麻は綿と同じく通気性に優れ、程良いシャリ感があり、肌に触れるとひんやりと感じられる素材です。生地に糸が溜まったように見えるネップやフシが入るのが最大の特徴で、軽やかな雰囲気を楽しめます。麻のシャンブレー生地は、カジュアルで優しい雰囲気を作ることができます。
白糸が見えた様子が夏にぴったりのシャンブレー生地。ZUTTOにも夏のとっておきが揃っています。
メンズ CHAMBREY SKIPPER シャツ/ORIAN
ORIAN(オリアン)は、イタリアの伝統的なドレスシャツの仕立て技術を、試行錯誤を重ねて現代に昇華させるのに成功したブランド。過度な装飾を施さず、着る人自身の個性を引き出すようなデザインを生み出しています。
メンズ CHAMBREY SKIPPER シャツは、アメリカンヴィンテージを表現したような、男性向けスキッパーシャツ。綿素材のさらりとした質感で、とても柔らかくすっきりとしていて、リラックス感がありながらも上品な印象を与えます。
ありそうでない、大人の男性のためのスキッパーシャツは、シャンブレー生地を使用することでより一層爽やかな気分になりますね。

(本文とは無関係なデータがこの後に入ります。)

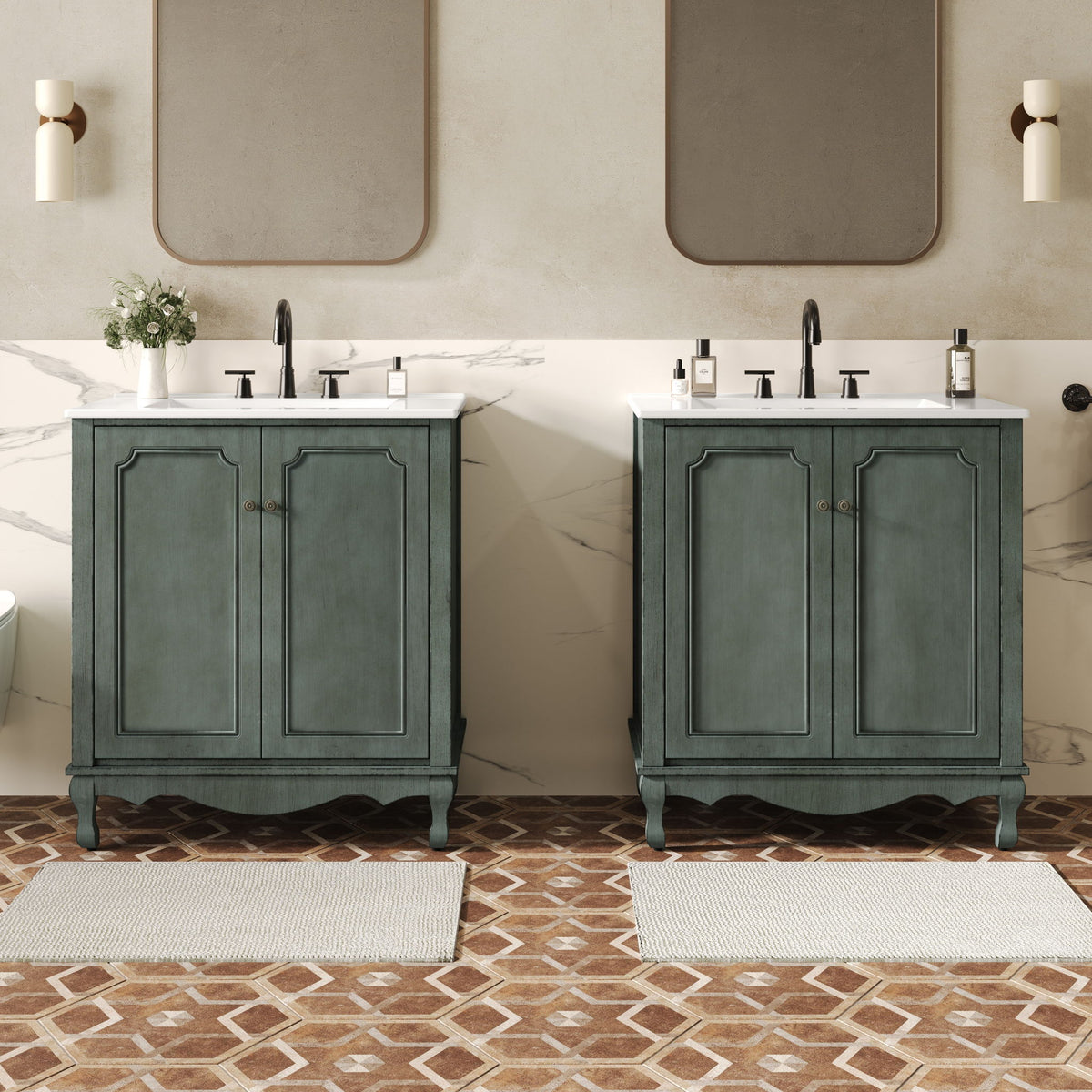 Vintage Double Sink Bathroom Vanity Set With Ceramic Sinks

エアーシャンブレー 袖ギャザーブラウス/Vlas Blomme(ヴラスブラム)
Vlas Blomme(ヴラスブラム)は、リネンの中でも最上級と言われているベルギーの「コルトレイクリネン」を使い、暮らしに寄り添うデザインを提案する日本ブランド。
ギャザーブラウスは、リネンのシャンブレー生地を使用して、全体的な軽さを表現。鮮やかな色を中白で染めることにより、爽やかで陽気な表情に仕上がっています。仕上げはタンブラー乾燥で、柔らかく洗いざらした風合いを出しているので、洗う前のリネン素材独特の硬さはなく、程良くくったりと体に馴染みます。
デコルテをすっきりと爽やかに見せてくれるカッティングで、袖はギャザーになっており、ふわふわと揺れて可愛らしい印象。夏の高い空を思わせるL.BLUE、深く透明な海のようなTURQUOISEのカラーの2色展開で、どちらも大人の女性の可愛らしさをぐっと引き立たせてくれます。
エアーシャンブレー ウエストフリルスカート/Vlas Blomme(ヴラスブラム)
ウエストにたっぷりとギャザーを入れた、ウエストフリルスカートはギャザーブラウスと同じリネンで作られたもの。ギャザーに合わせて生地を調節しているので、ふんわりとしながらも甘くなり過ぎません。天然素材ならではの自然で軽やかな風合いと、上質なコルトレイクリネンだからこそ生み出せる質感は、唯一無二の着心地を生み出してくれます。
シャンブレー生地は日差しを受けると、独特な光沢が現れます。Tシャツやシンプルなカットソーと合わせても素敵ですし、エアーシャンブレー 袖ギャザーブラウスと合わせてセットアップのように着るのもおすすめです。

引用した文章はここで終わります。